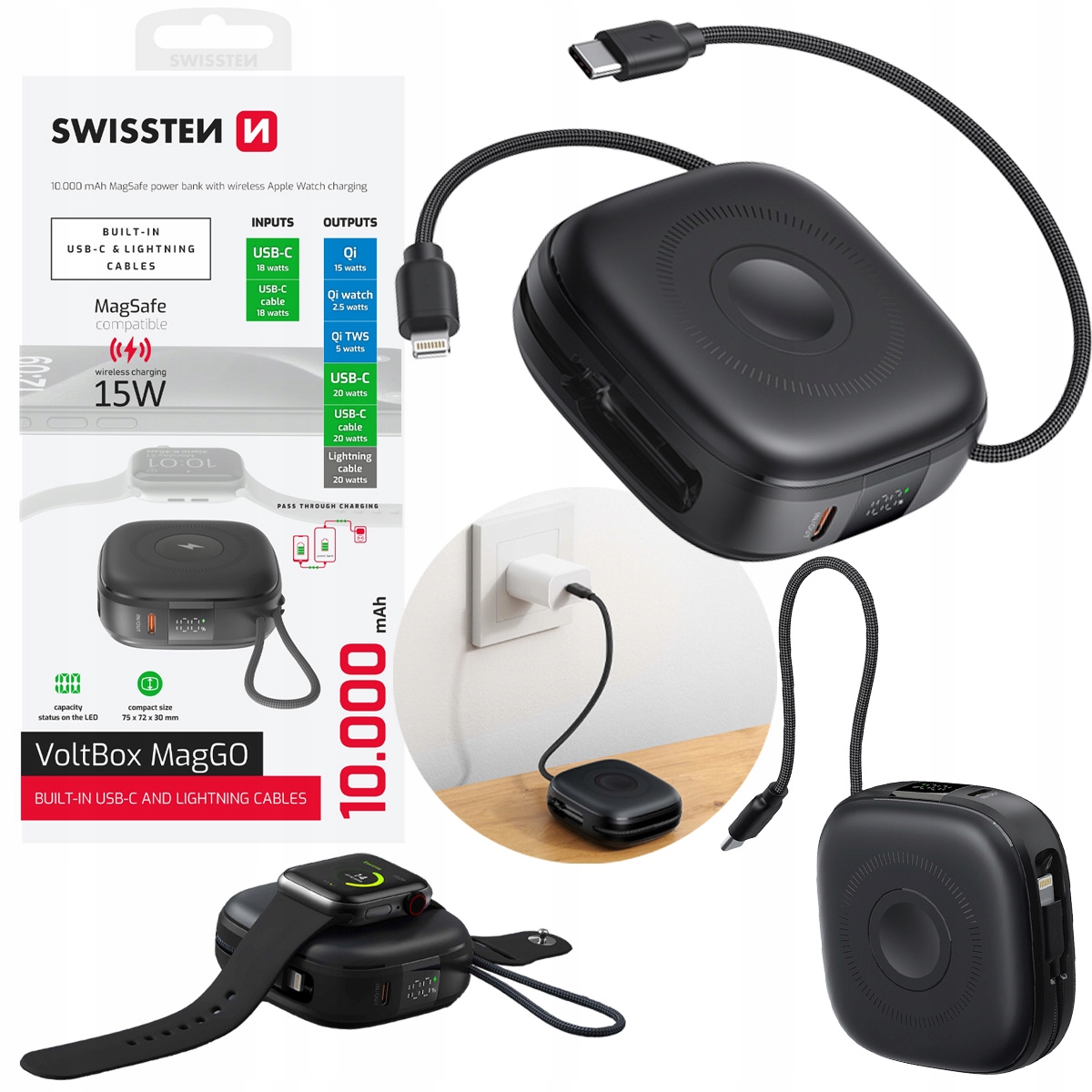 Powerbank Voltbox MagGO 10000 mAh S Lightning Usb-c Káblomi Pre Apple Watchd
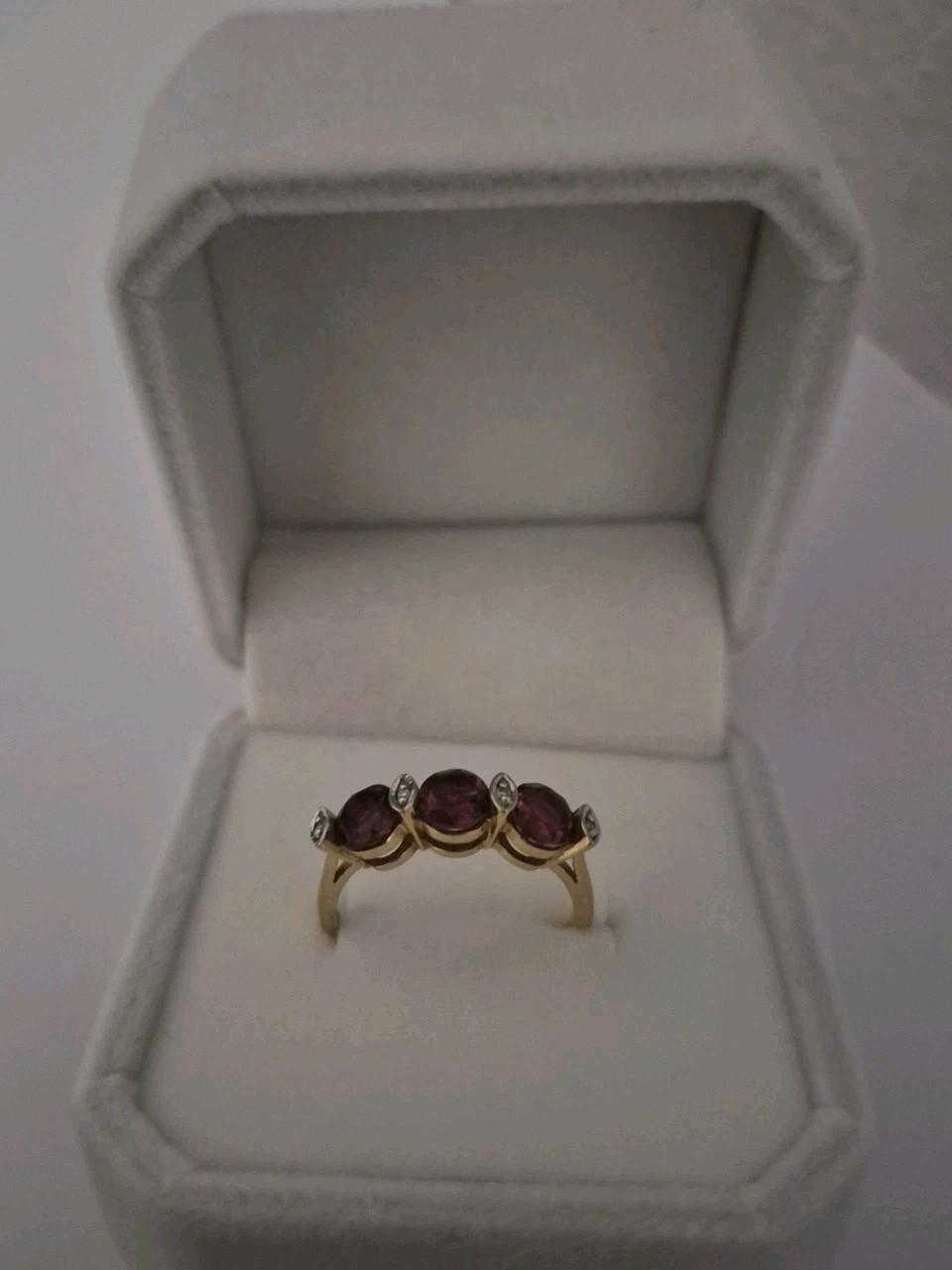 14K Rubellite Tourmaline & Diamond Y. Gold Ring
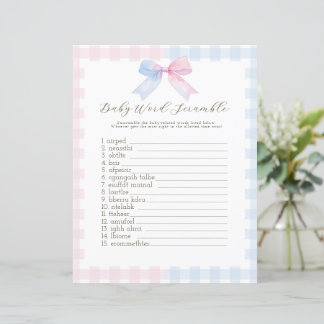 Papier Jeu de baby shower bleu ou rose En vichy Bow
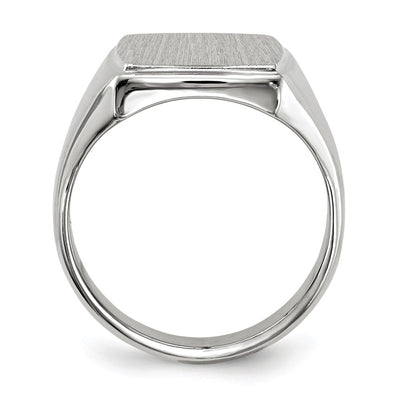 14K White Gold 13.0x15.0mm Closed Back Mens Signet Ring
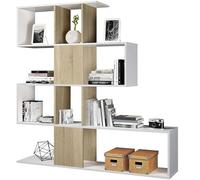 Miroytengo Estantería y Librería Salón Dormitorio Zig-Zag Estilo Nórdico Color Blanco y Roble Canadian 145x145x28 cm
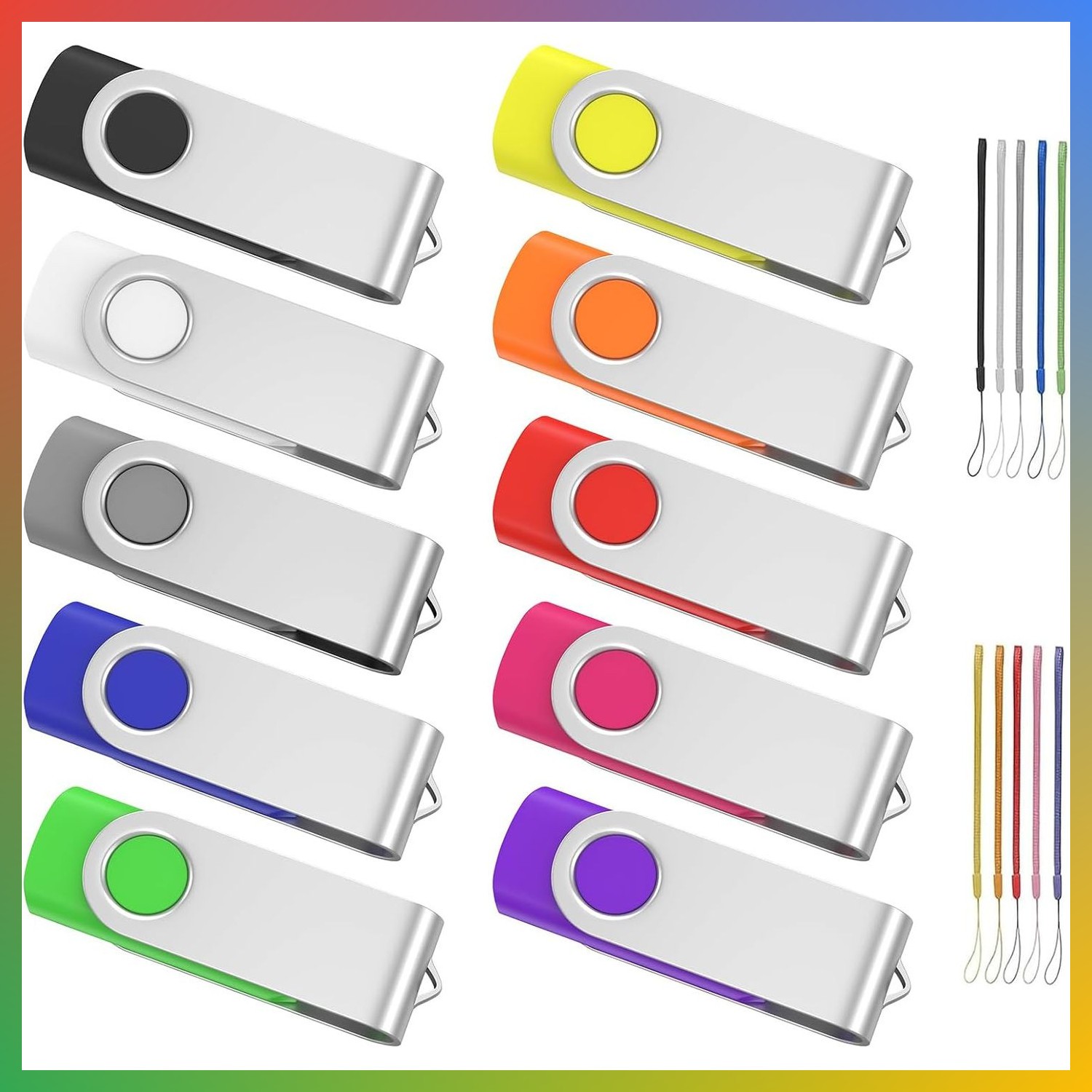 128MB Flash Drive 10 Pack, USB 2.0 Memory Stick with Lanyards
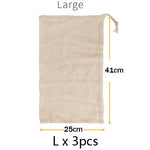 Lot de 3 sacs vracs réutilisables en maille de coton lavables - Vignette | L&#39;effet Papillon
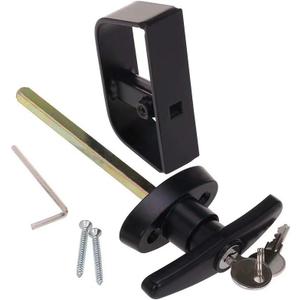 6" T-Handle Shed Door Lock Handle with Lock Keyed Alike Garage t Handle Shed Latch Hardware Locking Handle Lock with 4 Keys & Allen Wrench 1kit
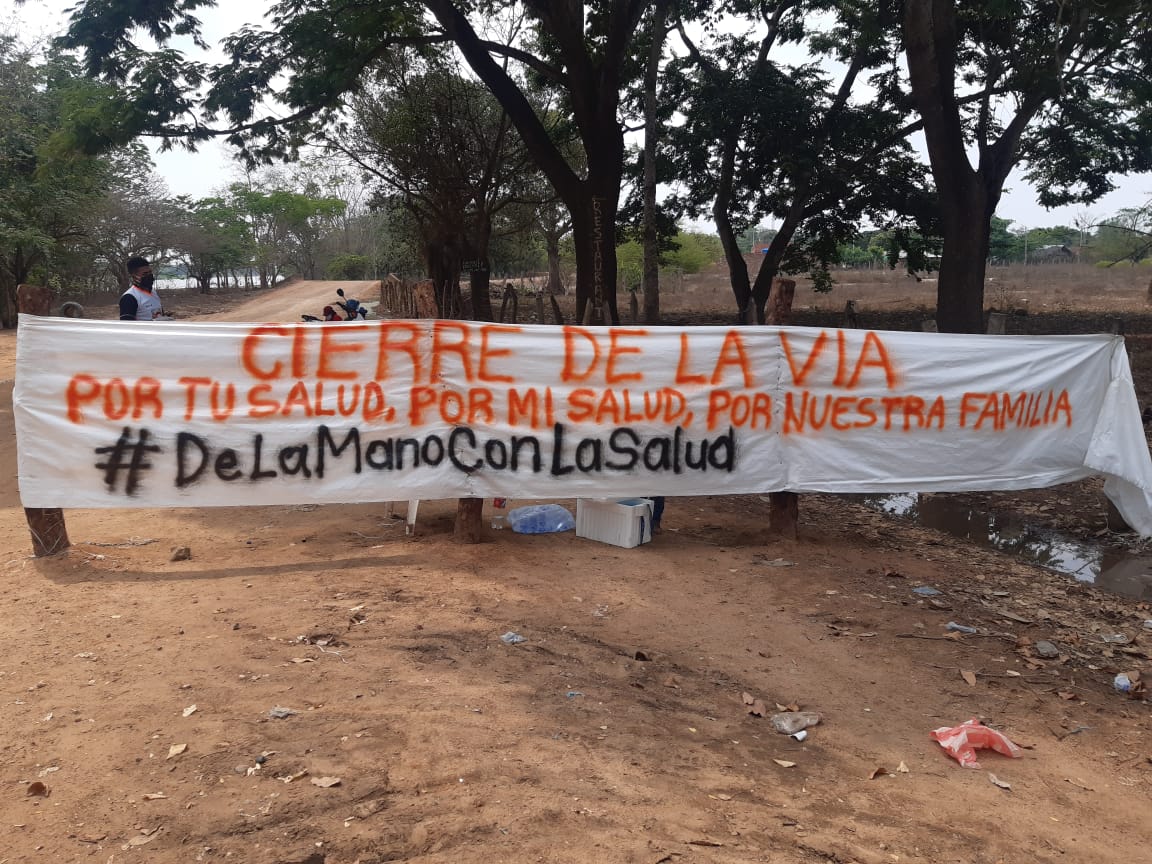 Mensaje en una de las entradas a Guamal.
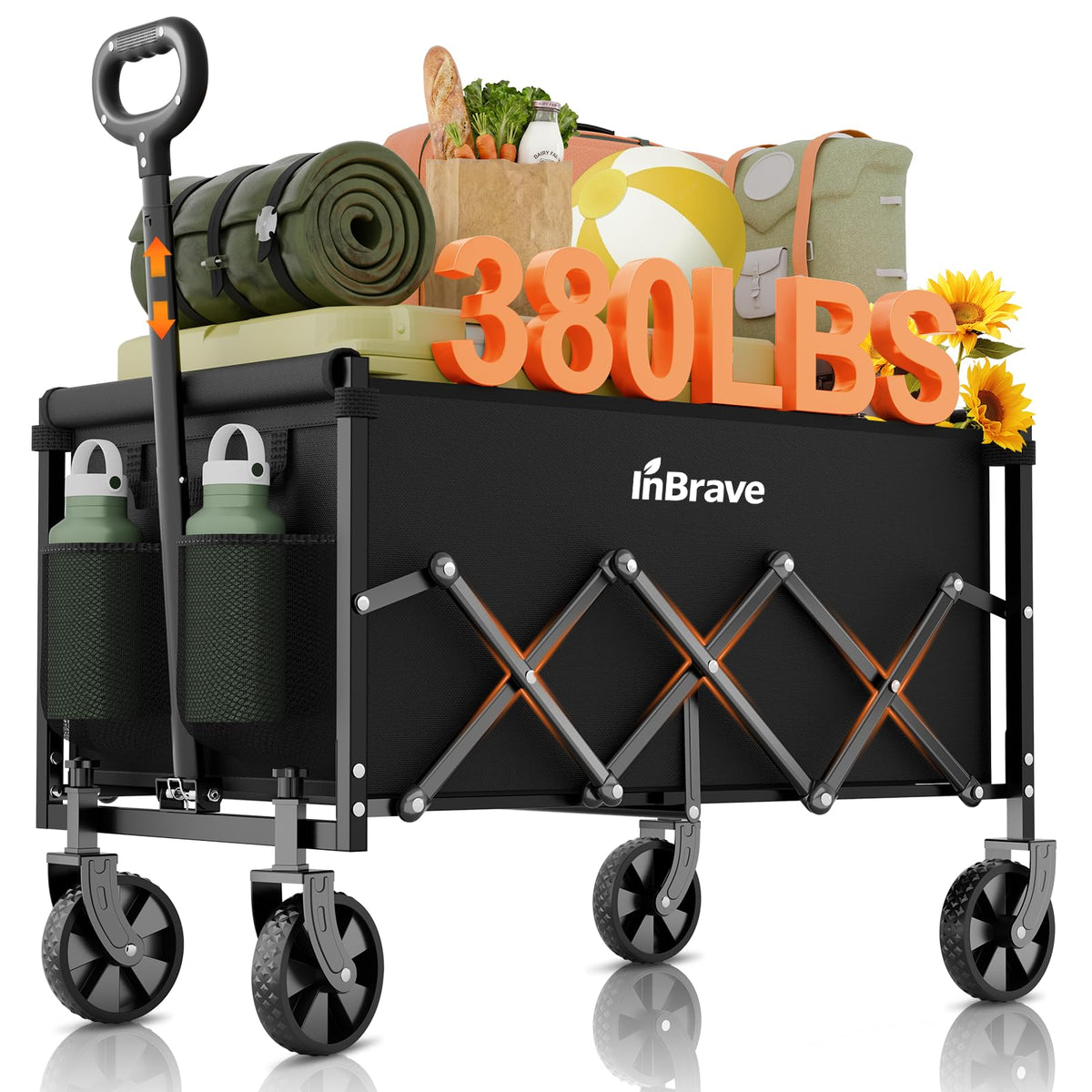 InBrave foldable wagon in compact briefcase size for easy storage.
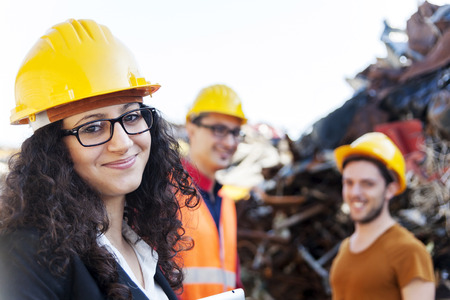 portrait of young famale architect at work on siteの写真素材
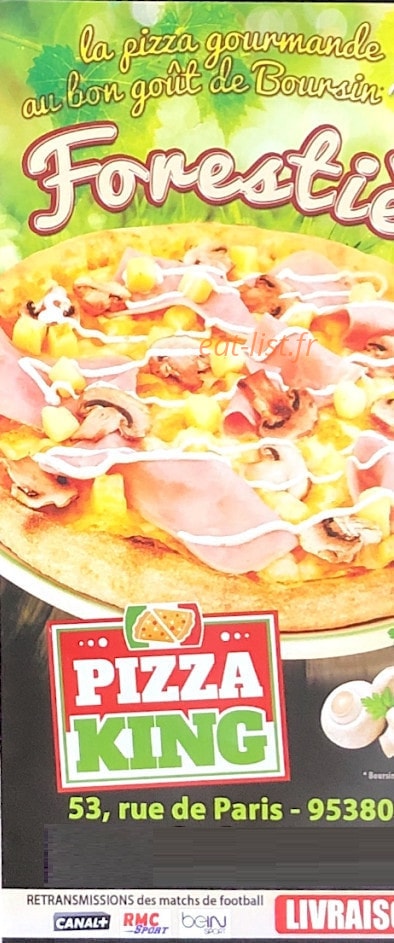 Pizza King — carte page 1
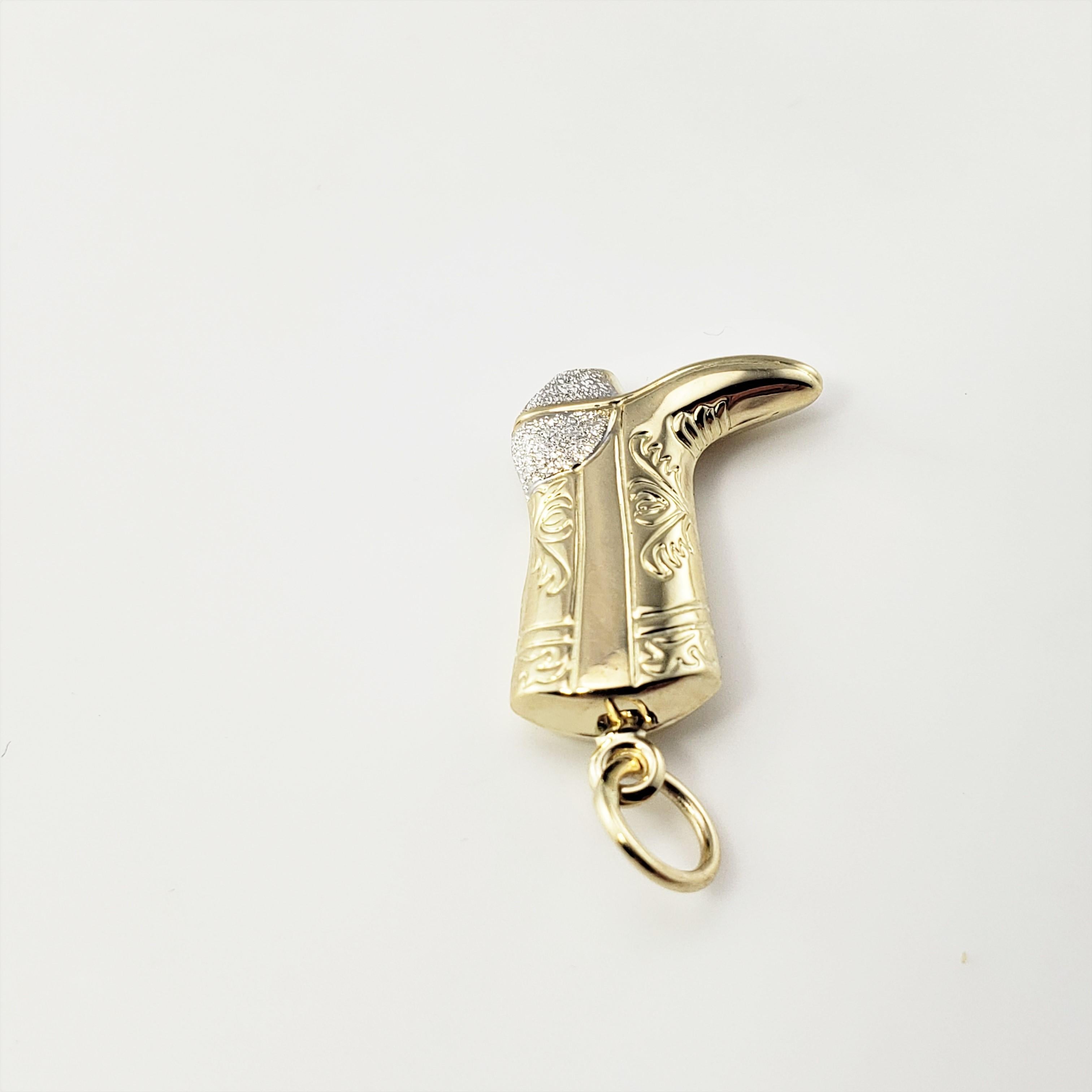 14 Karat Yellow Gold Cowboy Boot Charm 1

####################

**Problem details:** Begin at the line that contains "Allen Wrench 1kit" and transcribe every line through the end of the listing, exactly as written. Omit the pictures.

**Answer space:**
 6" T-Handle Shed Door Lock Handle with Lock Keyed Alike Garage t Handle Shed Latch Hardware Locking Handle Lock with 4 Keys & Allen Wrench 1kit
 Mensaje en una de las entradas a Guamal.
 InBrave foldable wagon in compact briefcase size for easy storage.
 portrait of young famale architect at work on siteの写真素材
 Pizza King — carte page 1
 14 Karat Yellow Gold Cowboy Boot Charm 1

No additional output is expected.